Alonzo, D. (2020). The Role of Parenting Characteristics in the Mental Health Treatment Utilization of Latino Adolescents with Suicidality. Suicidology Online-Sol.
vol. 11 pp. 19-28
Suicide is the third leading cause of death for individuals aged 10 to 24 years old in the United States. Among Latino adolescents, the risk is even more pronounced. Latino youth show higher rates of suicidal ideation and attempted suicide than non-Latino youth. The high rate of suicide in Latino youth is even more concerning given that Latinos greatly underutilize mental health treatment. The goal of this study is to examine the role of maternal parenting quality, maternal involvement, and parental support for autonomy on the likelihood that Latino adolescents with suicidal ideation (SI) will utilize mental health services. Data from Wave 1 of the National Longitudinal Study of Adolescent Health was utilized. Parenting, clinical, access, and executive function variables were examined via logistic regression. Daily mood fluctuations (OR = 6.17, p<.05, 95% CI [1.19, 31.98]) and frequent difficulty focusing attention (OR=4.88, p<.001, 95% CI [0.55, 5.76]) were associated with an increased likelihood of receiving treatment.
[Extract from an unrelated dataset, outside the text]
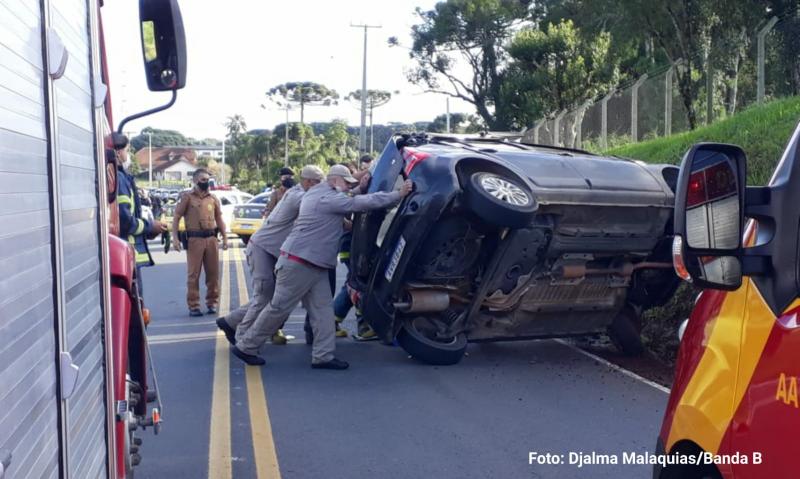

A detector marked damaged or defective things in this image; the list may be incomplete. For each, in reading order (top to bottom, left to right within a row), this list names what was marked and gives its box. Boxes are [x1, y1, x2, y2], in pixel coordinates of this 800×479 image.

overturned gray car [346, 133, 680, 366]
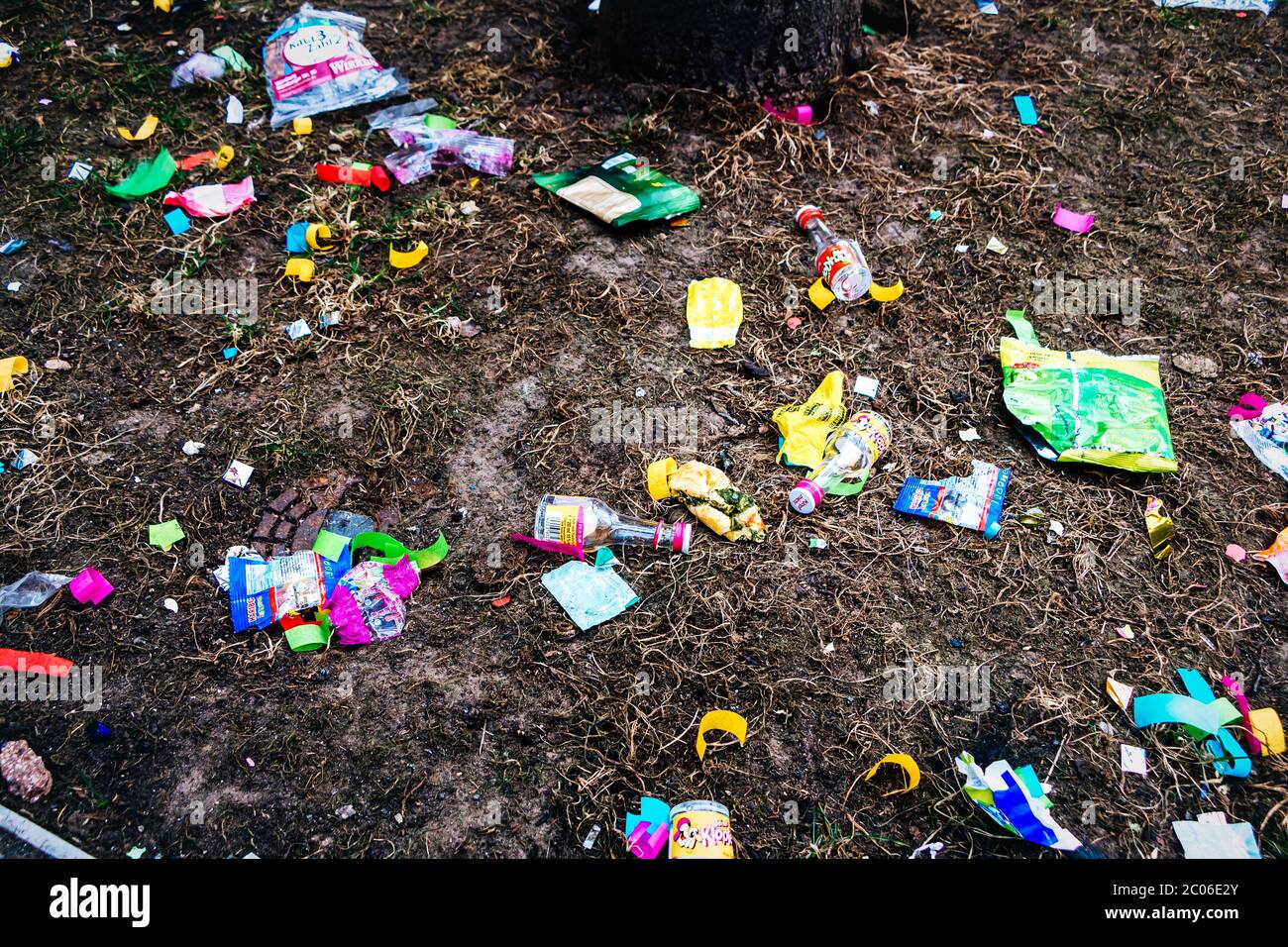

None of the parenting variables were significant. Our findings indicate that daily mood fluctuation and difficulties focusing attention are associated with receipt of mental health services in Latino adolescents with SI, above and beyond the role of parenting characteristics. The protective role that parental autonomy support, maternal parenting quality, and maternal involvement/engagement in decisionmaking play for Non-Latino White adolescents may have less of an impact for Latino adolescents in promoting their mental health service use in contrast to these strong cultural values and norms.